What are release notes?
Release notes are user-facing summaries of what changed in a new version of your product. They are more polished and narrative than a changelog — focusing on benefits rather than technical details.
Anatomy of great release notes
Every release note should have four parts:
- Clear title — Version number and a short, descriptive headline.
- Summary — One or two sentences explaining the most important change.
- Detailed changes — A categorized list of all notable changes.
- Impact note — Anything the user needs to do (migration steps, breaking changes).
Good vs. bad release notes
Bad example
Fixed bugs and improved performance.
Good example
Dashboard loads 40% faster. We rewrote the query layer to eliminate N+1 queries on the project list page. You will notice the difference immediately on accounts with 10+ projects.

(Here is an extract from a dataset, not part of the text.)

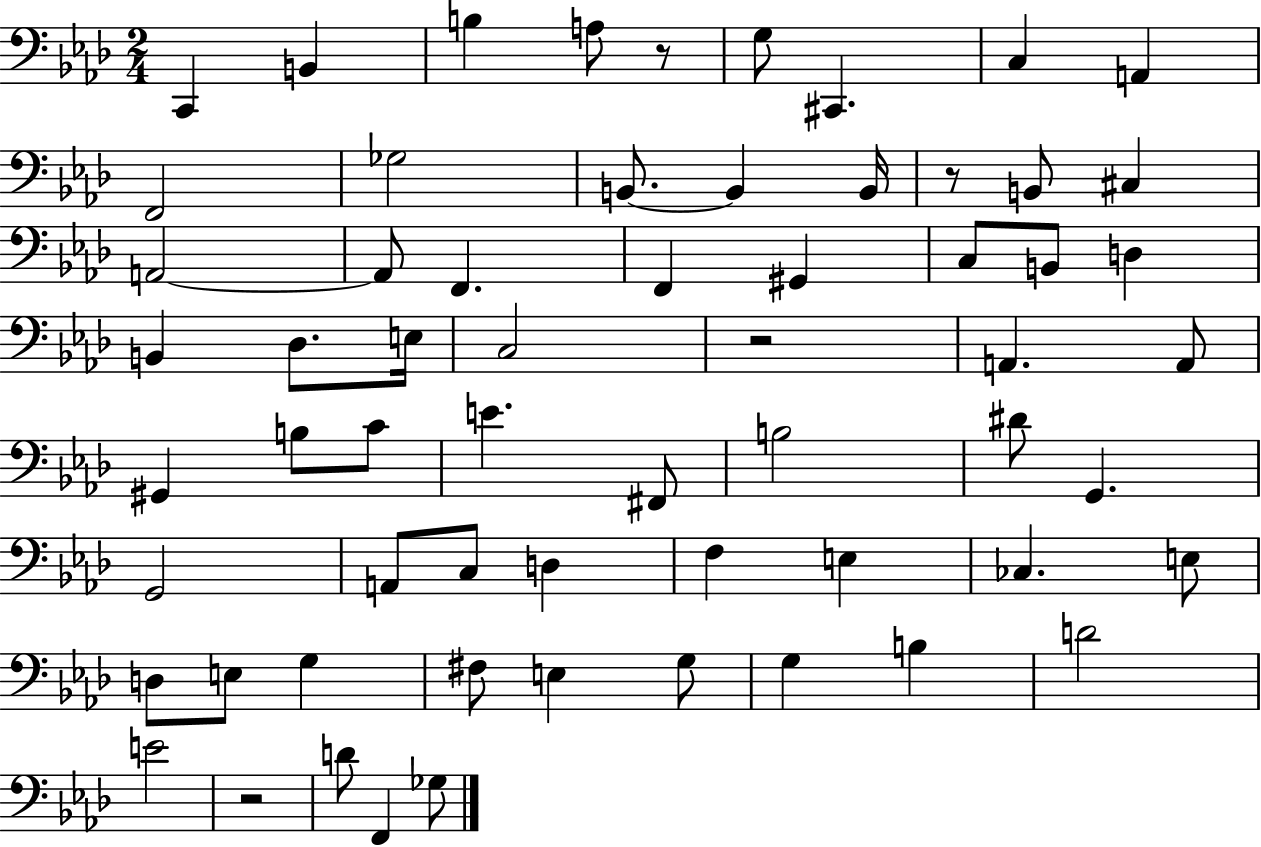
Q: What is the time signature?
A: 2/4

Writing for different audiences
Adjust your language depending on who reads your release notes:
- Developers — Include API changes, code examples, migration guides.
- Product managers — Focus on features, business impact, and metrics.
- End users — Plain language, focus on benefits, include screenshots.
5 tips for better release notes
- Write like a human, not a robot. Skip corporate jargon.
- Lead with the benefit, not the implementation detail.
- Include a screenshot or GIF for visual changes.
- Link to documentation for details.
- Publish consistently — your users will learn to check for updates.